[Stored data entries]
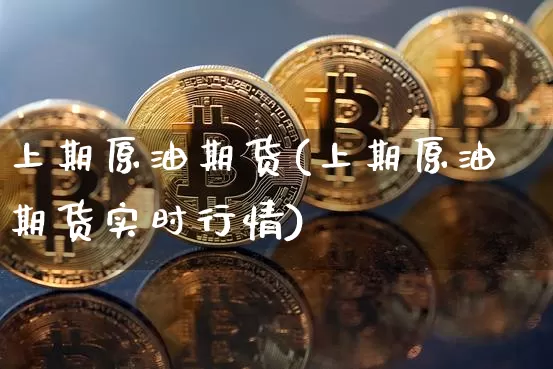 上期原油期货(上期原油期货实时行情)_https://www.tuogunzhijia.com_国际期货_第1张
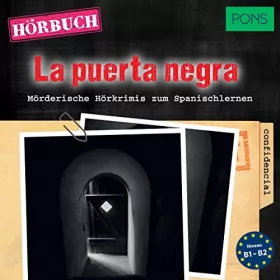 Iván Reymóndez Fernández: La puerta negra. Mörderische Hörkrimis zum Spanischlernen: PONS Hörbuch Spanisch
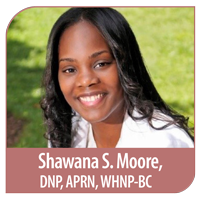 Shawana S. Moore, DNP, APRN, WHNP-BC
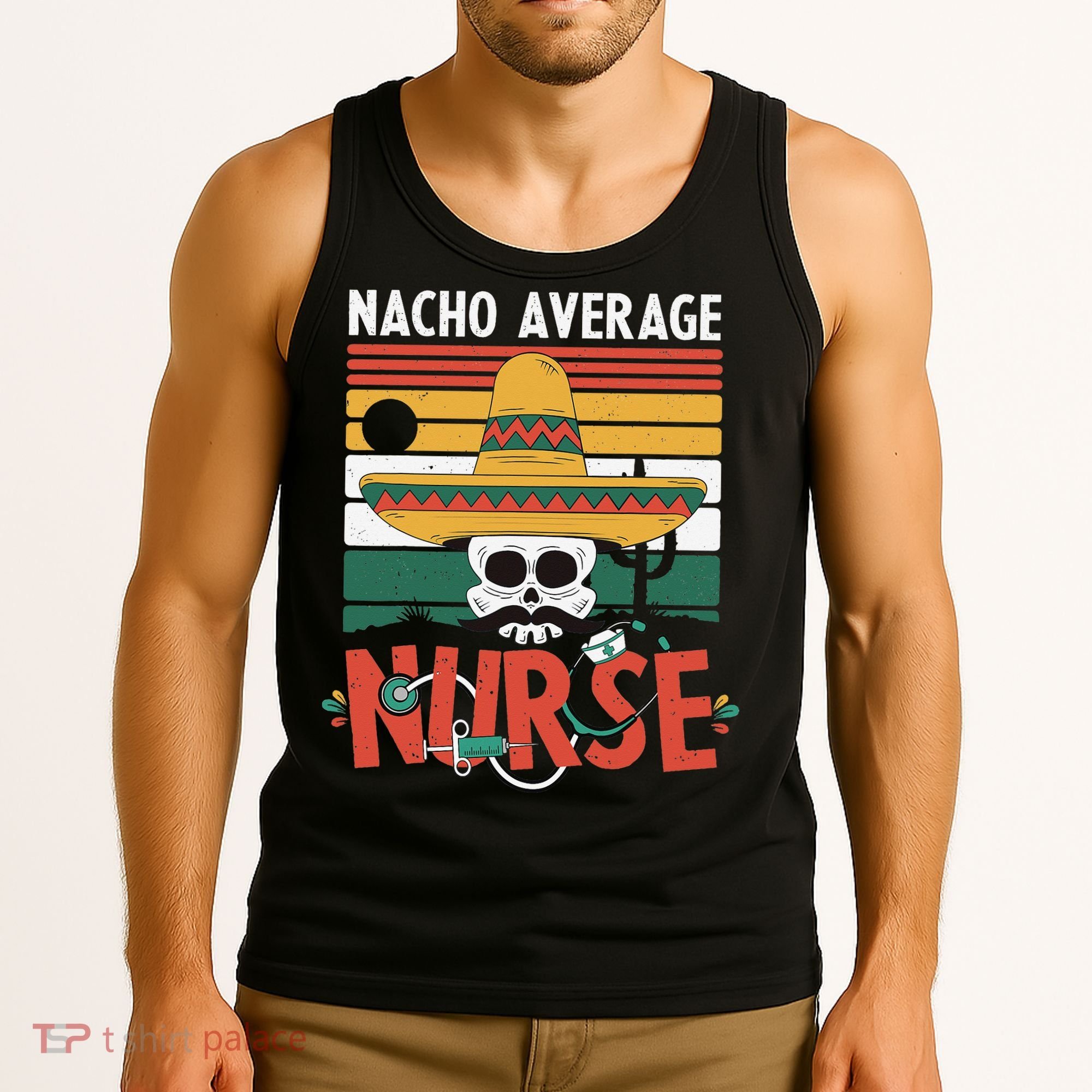Nacho Average Nurse Funny Cinco De Mayo Nursing Fiesta Tank Top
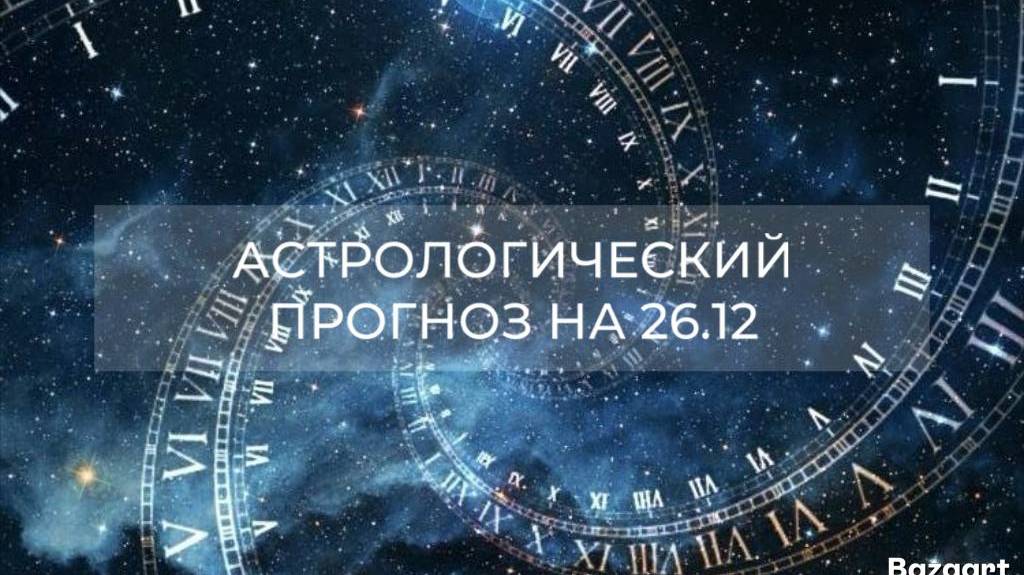 Астрологический прогноз на 26.12✨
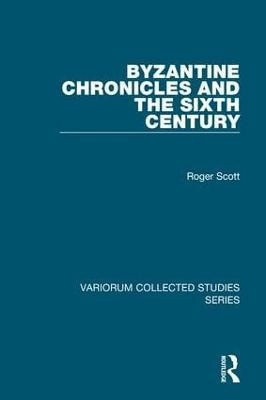 Byzantine Chronicles and the Sixth Century(English, Hardcover, Scott Roger)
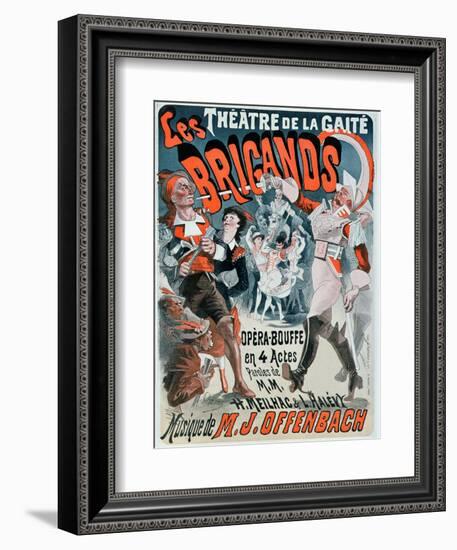 Poster For the Opera Bouffe Les Brigands by Jacques Offenbach-Jules Chéret-Framed Giclee Print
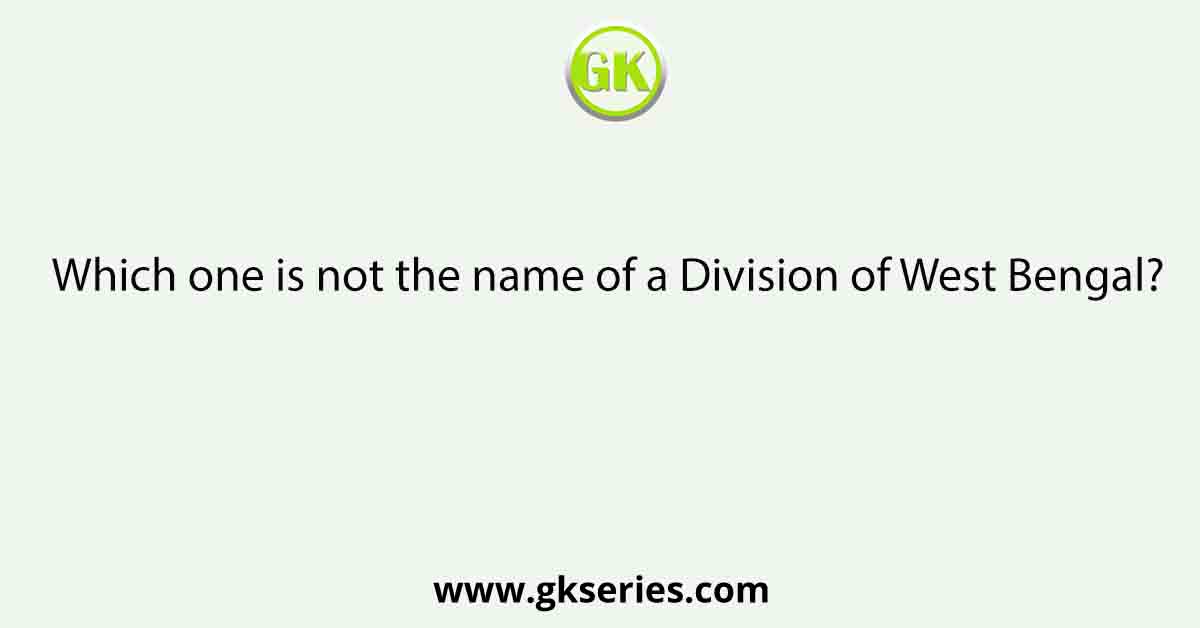 Which one is not the name of a Division of West Bengal?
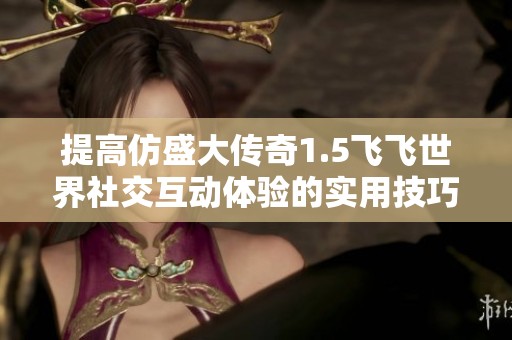 提高仿盛大传奇1.5飞飞世界社交互动体验的实用技巧与方法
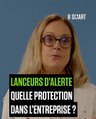 AU BOULOT ! - Lanceurs d’alerte : comment les protéger ?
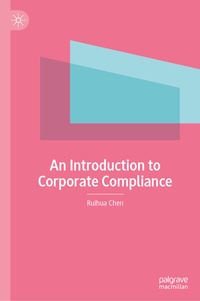Enlarge image Cover: An Introduction to Corporate Compliance - Palgrave Macmillan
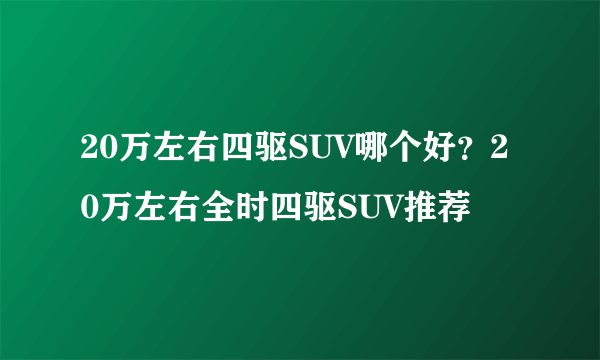 20万左右四驱SUV哪个好？20万左右全时四驱SUV推荐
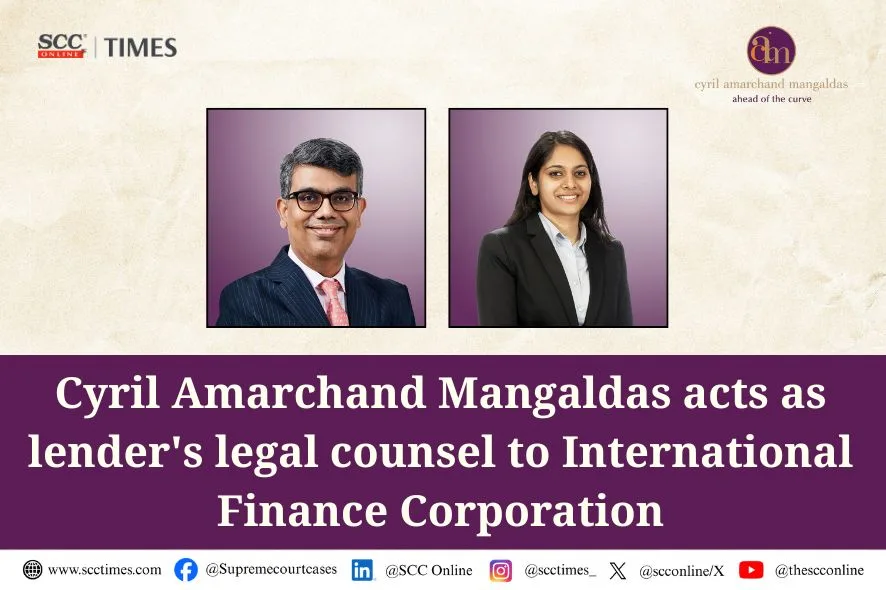 CAM lender's legal counsel IFC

The problem — Write the lines out exactly, beginning at the line that holds "20万左右四驱SUV哪个好？20万左右全时四驱SUV推荐" and stopping after the last line of the entries; include no pictures.

Written response —
 20万左右四驱SUV哪个好？20万左右全时四驱SUV推荐
 CAM lender's legal counsel IFC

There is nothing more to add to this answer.